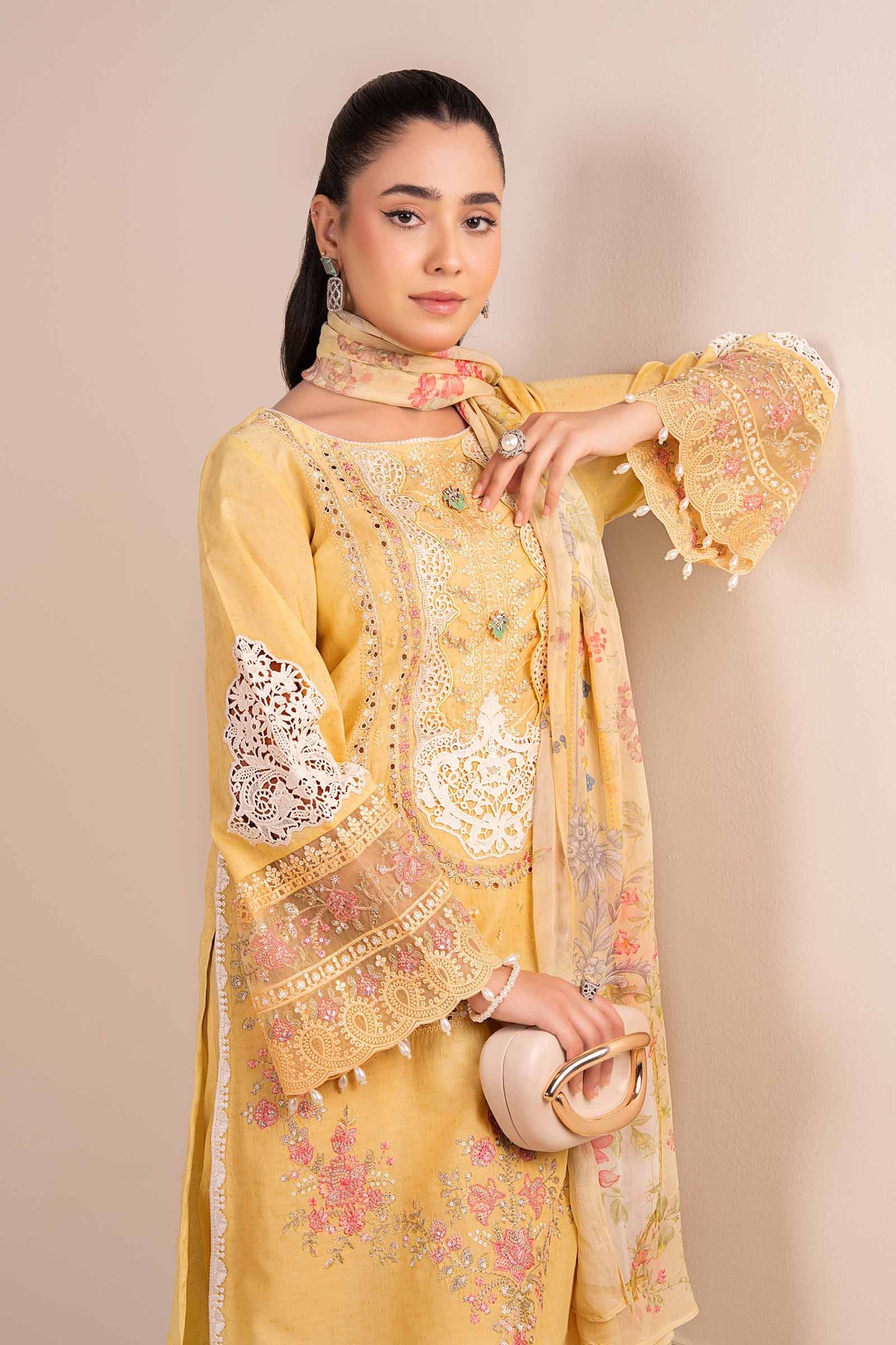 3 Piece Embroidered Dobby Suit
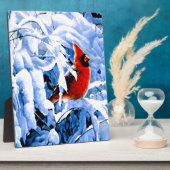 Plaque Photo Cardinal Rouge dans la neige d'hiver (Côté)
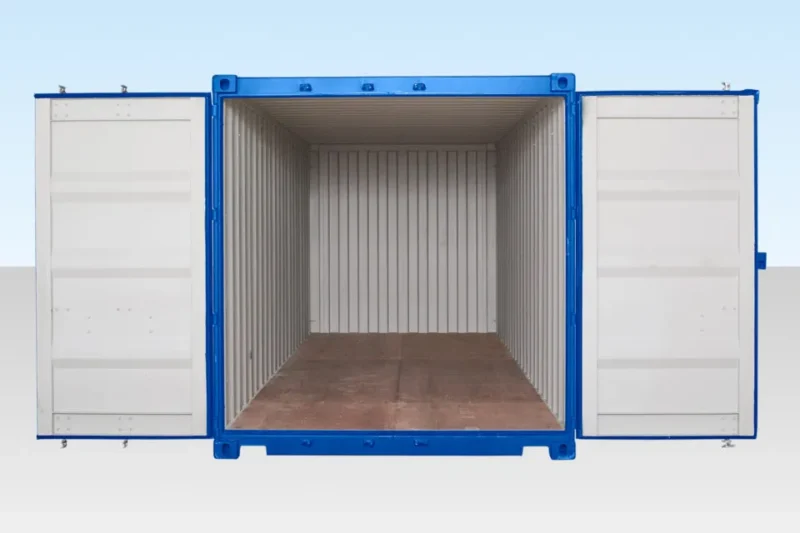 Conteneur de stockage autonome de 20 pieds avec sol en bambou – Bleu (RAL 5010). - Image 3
• • • • • • •
Assignment: Your copy should hold all the data word for word. It should hold no pictures.

Response to this task:
 3 Piece Embroidered Dobby Suit
 Plaque Photo Cardinal Rouge dans la neige d'hiver (Côté)
 Conteneur de stockage autonome de 20 pieds avec sol en bambou – Bleu (RAL 5010). - Image 3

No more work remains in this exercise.